▶ Your objective: Among the lines below, keep only those from the one containing "Picture of Bag" through the one containing "Schiff De 2.000", and reproduce them exactly.

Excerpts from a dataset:
——
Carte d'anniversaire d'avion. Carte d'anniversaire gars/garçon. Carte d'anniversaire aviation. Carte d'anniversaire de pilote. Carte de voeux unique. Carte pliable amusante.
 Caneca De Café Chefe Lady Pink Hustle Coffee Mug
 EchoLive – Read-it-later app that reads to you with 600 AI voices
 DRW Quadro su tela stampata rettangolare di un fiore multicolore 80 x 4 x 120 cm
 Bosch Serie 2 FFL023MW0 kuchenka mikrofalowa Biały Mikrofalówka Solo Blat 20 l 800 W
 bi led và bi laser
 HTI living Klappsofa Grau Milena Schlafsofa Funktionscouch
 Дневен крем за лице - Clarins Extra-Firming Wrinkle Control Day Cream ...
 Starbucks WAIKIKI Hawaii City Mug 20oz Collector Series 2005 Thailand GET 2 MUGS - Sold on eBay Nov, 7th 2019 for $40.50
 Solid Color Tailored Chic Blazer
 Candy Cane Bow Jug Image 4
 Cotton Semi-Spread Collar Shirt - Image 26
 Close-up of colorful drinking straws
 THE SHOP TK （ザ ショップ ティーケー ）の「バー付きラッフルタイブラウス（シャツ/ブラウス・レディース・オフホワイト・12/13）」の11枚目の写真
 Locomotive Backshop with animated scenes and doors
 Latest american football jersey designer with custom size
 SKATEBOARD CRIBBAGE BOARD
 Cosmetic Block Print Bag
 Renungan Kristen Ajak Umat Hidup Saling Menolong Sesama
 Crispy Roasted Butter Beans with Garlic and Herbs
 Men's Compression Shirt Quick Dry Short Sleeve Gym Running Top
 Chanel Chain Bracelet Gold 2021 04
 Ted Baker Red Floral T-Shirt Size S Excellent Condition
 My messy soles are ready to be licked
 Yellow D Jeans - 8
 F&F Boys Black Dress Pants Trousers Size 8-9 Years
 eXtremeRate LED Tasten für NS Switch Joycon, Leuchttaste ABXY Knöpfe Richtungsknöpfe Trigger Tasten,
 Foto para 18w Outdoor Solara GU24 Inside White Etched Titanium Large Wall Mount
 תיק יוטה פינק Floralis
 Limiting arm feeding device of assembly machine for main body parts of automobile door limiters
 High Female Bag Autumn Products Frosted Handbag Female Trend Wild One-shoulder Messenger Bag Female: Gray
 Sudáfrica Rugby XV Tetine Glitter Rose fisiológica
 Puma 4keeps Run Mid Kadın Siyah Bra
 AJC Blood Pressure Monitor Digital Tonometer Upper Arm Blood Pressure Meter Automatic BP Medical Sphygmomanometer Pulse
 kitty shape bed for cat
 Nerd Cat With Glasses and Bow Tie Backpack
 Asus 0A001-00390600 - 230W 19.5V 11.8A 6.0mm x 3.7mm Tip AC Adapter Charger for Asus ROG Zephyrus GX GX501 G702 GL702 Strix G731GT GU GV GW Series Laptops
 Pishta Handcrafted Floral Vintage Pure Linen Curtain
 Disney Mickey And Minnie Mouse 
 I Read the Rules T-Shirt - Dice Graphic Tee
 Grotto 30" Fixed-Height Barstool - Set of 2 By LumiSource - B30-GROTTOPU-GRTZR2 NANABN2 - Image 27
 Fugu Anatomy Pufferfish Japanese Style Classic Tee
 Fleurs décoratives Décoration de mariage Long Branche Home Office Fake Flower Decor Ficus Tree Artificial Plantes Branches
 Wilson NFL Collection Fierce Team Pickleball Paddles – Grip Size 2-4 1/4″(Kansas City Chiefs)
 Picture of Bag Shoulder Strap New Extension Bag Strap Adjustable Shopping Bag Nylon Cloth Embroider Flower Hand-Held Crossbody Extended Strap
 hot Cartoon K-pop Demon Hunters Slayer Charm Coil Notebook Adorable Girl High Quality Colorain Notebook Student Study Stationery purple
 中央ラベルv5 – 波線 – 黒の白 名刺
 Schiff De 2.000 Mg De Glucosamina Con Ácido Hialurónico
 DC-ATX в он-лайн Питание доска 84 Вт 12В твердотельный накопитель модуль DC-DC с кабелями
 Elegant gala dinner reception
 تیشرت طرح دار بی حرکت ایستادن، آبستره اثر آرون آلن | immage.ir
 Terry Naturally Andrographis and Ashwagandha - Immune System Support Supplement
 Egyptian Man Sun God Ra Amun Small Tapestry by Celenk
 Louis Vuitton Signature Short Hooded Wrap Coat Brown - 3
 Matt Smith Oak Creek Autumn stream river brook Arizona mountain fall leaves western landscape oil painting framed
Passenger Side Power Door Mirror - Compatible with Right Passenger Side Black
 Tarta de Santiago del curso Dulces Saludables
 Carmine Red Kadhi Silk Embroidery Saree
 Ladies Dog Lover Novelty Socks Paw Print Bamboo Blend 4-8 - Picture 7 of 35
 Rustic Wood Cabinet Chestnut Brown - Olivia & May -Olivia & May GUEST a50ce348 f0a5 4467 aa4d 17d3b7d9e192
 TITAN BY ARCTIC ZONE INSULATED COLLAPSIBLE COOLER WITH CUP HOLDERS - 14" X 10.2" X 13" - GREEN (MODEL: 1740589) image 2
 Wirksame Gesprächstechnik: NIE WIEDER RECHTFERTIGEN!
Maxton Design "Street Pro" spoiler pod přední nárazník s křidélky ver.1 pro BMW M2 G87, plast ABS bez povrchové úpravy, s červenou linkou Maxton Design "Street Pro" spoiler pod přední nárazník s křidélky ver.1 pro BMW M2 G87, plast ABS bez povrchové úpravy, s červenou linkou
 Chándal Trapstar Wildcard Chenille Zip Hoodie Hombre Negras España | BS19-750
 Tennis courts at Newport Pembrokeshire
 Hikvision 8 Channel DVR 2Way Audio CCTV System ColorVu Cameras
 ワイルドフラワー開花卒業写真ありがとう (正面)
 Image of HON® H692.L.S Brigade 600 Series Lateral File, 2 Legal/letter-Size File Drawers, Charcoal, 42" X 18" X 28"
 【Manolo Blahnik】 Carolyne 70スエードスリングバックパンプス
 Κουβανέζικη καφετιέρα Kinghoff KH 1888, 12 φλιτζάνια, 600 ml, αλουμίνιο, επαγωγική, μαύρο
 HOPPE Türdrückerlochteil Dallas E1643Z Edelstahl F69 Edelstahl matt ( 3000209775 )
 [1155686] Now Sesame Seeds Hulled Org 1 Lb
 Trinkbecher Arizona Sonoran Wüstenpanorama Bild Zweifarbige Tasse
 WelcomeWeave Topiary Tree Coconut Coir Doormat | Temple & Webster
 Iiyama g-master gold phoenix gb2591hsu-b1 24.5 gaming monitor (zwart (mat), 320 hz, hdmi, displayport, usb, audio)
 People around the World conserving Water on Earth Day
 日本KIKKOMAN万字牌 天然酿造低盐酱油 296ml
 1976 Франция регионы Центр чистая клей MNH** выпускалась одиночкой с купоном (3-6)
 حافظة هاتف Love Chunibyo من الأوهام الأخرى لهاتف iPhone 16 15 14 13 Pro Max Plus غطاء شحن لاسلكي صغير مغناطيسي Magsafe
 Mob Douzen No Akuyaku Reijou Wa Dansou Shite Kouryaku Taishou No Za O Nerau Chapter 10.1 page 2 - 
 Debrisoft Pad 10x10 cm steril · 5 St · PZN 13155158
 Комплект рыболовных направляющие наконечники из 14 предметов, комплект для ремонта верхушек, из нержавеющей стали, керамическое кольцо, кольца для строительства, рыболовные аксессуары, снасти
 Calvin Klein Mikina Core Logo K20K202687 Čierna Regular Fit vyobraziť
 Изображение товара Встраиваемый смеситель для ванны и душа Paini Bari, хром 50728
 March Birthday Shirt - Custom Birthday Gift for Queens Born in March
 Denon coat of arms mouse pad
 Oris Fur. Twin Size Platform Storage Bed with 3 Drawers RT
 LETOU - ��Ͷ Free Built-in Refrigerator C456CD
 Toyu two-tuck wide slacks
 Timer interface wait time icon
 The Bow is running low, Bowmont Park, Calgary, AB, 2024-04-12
——
▶ Output for this task:
 Picture of Bag Shoulder Strap New Extension Bag Strap Adjustable Shopping Bag Nylon Cloth Embroider Flower Hand-Held Crossbody Extended Strap
 hot Cartoon K-pop Demon Hunters Slayer Charm Coil Notebook Adorable Girl High Quality Colorain Notebook Student Study Stationery purple
 中央ラベルv5 – 波線 – 黒の白 名刺
 Schiff De 2.000 Mg De Glucosamina Con Ácido Hialurónico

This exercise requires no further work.